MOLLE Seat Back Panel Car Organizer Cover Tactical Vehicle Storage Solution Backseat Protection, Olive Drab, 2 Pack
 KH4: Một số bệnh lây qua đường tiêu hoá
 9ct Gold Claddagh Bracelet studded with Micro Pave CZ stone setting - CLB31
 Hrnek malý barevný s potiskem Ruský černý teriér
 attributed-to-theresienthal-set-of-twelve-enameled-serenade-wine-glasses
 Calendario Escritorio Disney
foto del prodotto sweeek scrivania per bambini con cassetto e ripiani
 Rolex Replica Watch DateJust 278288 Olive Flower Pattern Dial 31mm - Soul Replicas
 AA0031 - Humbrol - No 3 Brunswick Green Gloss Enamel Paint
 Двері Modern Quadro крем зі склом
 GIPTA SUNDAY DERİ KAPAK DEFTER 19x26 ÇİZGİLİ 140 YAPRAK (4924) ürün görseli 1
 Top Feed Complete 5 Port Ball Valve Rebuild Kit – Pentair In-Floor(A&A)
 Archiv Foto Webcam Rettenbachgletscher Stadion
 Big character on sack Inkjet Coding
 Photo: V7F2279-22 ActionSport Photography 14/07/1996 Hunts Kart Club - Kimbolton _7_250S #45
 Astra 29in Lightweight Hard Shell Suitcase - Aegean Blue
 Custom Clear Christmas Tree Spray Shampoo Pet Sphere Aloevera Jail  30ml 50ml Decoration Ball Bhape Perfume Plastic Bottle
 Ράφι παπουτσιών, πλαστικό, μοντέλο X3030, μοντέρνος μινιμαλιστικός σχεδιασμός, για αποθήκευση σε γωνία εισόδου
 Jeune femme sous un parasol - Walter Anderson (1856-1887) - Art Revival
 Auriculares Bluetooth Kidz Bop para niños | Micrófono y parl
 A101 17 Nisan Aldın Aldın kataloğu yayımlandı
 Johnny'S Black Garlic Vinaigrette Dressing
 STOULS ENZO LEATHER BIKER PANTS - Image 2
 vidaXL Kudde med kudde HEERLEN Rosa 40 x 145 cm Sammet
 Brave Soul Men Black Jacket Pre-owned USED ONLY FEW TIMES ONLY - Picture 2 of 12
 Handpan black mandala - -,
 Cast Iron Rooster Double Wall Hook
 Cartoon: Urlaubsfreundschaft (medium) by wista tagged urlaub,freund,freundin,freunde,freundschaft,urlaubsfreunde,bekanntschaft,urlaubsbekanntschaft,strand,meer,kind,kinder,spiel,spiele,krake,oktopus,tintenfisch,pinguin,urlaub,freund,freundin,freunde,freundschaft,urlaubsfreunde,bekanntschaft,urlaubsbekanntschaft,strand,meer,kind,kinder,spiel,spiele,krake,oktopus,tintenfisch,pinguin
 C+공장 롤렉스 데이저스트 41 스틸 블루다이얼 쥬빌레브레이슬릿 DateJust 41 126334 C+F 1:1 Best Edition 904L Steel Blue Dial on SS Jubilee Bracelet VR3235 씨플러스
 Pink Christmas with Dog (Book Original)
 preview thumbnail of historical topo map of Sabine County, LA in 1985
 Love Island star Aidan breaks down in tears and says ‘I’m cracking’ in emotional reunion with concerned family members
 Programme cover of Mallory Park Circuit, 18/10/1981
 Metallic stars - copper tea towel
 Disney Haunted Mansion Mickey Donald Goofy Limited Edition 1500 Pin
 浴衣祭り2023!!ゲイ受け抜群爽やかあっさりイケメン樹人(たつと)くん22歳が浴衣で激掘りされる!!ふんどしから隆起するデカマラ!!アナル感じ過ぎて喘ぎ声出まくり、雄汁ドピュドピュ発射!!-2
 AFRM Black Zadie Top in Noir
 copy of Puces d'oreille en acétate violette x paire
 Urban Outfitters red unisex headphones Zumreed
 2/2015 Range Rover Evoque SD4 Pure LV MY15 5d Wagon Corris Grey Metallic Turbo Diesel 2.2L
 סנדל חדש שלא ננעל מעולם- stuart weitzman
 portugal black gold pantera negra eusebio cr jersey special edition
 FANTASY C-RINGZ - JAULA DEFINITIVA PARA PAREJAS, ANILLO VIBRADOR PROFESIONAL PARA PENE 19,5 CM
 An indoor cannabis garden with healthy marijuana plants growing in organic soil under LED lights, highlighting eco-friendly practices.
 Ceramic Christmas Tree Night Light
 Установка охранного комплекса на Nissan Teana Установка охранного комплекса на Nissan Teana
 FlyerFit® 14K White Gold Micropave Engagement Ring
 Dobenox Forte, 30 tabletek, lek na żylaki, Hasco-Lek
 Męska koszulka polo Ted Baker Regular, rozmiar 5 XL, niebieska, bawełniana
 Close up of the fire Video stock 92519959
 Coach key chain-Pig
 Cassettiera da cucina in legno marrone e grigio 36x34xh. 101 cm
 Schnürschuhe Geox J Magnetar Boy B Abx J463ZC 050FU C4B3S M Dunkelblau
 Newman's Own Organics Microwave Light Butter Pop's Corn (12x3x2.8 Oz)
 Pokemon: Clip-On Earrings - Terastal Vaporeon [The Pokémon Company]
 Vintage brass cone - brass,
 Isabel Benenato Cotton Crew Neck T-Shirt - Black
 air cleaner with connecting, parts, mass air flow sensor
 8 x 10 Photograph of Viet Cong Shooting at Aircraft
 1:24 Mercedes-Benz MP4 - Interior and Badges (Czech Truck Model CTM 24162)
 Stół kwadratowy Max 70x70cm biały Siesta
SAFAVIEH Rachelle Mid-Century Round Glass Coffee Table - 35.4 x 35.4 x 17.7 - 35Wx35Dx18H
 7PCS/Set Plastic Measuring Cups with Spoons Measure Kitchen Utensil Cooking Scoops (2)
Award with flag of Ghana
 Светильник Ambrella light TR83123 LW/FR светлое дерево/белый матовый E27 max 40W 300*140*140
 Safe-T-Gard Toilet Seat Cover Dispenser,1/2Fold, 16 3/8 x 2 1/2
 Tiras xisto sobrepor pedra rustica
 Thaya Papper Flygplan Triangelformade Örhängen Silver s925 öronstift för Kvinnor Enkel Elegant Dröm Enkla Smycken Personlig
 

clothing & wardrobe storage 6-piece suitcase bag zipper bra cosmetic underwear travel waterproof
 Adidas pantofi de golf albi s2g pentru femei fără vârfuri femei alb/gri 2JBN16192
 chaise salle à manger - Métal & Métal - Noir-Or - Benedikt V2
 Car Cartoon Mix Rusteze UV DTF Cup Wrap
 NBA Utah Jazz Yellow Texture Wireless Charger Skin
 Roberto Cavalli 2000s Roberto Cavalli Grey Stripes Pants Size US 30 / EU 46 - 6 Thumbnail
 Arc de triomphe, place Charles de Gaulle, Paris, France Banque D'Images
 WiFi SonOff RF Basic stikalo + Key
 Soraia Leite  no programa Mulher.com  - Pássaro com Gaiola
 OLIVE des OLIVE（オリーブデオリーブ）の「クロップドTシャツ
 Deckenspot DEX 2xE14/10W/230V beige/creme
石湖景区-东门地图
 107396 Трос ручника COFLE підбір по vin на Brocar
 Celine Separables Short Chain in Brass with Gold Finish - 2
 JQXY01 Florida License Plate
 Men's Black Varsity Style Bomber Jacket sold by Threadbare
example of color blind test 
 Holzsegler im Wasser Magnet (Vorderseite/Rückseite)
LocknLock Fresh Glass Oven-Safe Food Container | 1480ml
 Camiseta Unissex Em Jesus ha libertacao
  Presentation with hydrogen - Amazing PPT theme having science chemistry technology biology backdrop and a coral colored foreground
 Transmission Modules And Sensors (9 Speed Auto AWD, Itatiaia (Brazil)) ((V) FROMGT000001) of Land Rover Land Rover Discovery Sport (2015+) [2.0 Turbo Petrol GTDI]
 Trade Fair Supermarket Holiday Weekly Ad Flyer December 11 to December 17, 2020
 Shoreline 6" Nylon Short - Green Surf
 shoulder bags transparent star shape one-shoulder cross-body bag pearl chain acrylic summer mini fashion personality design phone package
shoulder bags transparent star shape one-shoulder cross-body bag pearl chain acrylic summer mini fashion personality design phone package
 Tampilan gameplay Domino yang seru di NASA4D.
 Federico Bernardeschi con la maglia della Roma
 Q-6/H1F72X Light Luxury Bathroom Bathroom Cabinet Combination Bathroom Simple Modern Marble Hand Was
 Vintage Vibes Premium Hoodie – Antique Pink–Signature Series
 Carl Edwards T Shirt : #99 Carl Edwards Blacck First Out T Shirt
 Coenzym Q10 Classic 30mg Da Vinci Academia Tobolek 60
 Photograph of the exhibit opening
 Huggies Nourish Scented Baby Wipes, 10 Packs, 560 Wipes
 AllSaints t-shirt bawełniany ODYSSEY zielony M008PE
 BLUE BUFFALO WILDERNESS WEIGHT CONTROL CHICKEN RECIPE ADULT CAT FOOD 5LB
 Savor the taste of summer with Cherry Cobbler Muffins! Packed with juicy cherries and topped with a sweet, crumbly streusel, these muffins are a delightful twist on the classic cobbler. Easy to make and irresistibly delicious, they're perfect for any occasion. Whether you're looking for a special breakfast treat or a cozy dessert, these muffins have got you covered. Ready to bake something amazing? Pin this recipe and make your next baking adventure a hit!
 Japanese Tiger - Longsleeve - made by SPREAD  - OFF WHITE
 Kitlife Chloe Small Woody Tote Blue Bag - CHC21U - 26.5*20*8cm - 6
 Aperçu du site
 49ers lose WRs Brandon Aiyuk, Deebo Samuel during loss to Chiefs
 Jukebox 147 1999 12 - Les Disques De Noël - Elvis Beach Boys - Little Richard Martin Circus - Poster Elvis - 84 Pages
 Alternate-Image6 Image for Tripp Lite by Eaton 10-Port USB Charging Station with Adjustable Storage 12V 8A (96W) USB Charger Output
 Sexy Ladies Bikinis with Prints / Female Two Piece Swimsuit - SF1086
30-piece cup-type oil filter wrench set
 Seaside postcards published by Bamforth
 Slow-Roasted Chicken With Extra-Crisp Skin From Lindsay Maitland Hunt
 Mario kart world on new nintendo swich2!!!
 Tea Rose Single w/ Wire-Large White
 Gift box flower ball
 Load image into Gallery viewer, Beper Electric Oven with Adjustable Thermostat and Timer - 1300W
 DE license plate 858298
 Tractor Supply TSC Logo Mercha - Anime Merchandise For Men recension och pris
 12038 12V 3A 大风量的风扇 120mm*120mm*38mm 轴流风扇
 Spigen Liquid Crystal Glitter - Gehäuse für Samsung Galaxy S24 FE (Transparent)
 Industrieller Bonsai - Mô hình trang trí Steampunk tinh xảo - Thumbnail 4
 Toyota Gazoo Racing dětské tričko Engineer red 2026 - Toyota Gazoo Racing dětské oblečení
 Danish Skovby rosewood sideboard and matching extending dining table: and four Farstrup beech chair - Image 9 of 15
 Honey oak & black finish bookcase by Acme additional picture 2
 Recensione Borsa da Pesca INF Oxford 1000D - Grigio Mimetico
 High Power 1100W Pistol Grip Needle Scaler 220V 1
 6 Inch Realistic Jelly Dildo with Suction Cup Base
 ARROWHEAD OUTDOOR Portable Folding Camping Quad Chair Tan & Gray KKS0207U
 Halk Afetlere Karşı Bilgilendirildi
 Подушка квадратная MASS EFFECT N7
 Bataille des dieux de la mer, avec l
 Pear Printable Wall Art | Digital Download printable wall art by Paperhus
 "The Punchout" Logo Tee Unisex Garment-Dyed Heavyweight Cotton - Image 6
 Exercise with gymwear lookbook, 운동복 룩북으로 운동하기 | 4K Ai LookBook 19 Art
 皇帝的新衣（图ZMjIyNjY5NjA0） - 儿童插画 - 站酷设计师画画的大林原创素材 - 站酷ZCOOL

- [Task item]
In the listing above, find the line with "Handpan black mandala" and the line with "preview thumbnail of"; set down exactly those two lines and every line between them, nothing more.

- [Answer to this exercise]
 Handpan black mandala - -,
 Cast Iron Rooster Double Wall Hook
 Cartoon: Urlaubsfreundschaft (medium) by wista tagged urlaub,freund,freundin,freunde,freundschaft,urlaubsfreunde,bekanntschaft,urlaubsbekanntschaft,strand,meer,kind,kinder,spiel,spiele,krake,oktopus,tintenfisch,pinguin,urlaub,freund,freundin,freunde,freundschaft,urlaubsfreunde,bekanntschaft,urlaubsbekanntschaft,strand,meer,kind,kinder,spiel,spiele,krake,oktopus,tintenfisch,pinguin
 C+공장 롤렉스 데이저스트 41 스틸 블루다이얼 쥬빌레브레이슬릿 DateJust 41 126334 C+F 1:1 Best Edition 904L Steel Blue Dial on SS Jubilee Bracelet VR3235 씨플러스
 Pink Christmas with Dog (Book Original)
 preview thumbnail of historical topo map of Sabine County, LA in 1985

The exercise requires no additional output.